What is wanted is the full listing, word for word, without its pictures.

*** Stored data ***

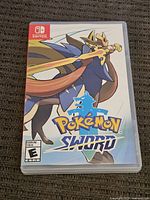 Front of Pokémon Sword Nintendo Switch game case showing main artwork with Zacian character.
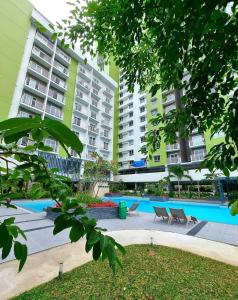 a courtyard of a building with chairs and buildings at Mesatierra Garden Residences in Davao City
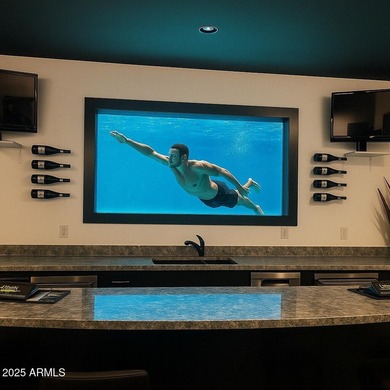 Experience everyday resort living in this iconic 1-acre gated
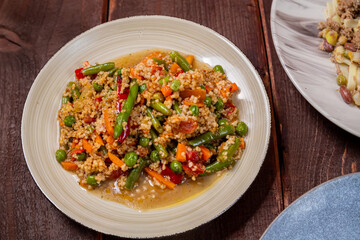Couscous with vegetables in spices in a plate on a wooden table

*** End of Stored data ***

• Solution to this problem:
 Front of Pokémon Sword Nintendo Switch game case showing main artwork with Zacian character.
 a courtyard of a building with chairs and buildings at Mesatierra Garden Residences in Davao City
 Experience everyday resort living in this iconic 1-acre gated
Couscous with vegetables in spices in a plate on a wooden table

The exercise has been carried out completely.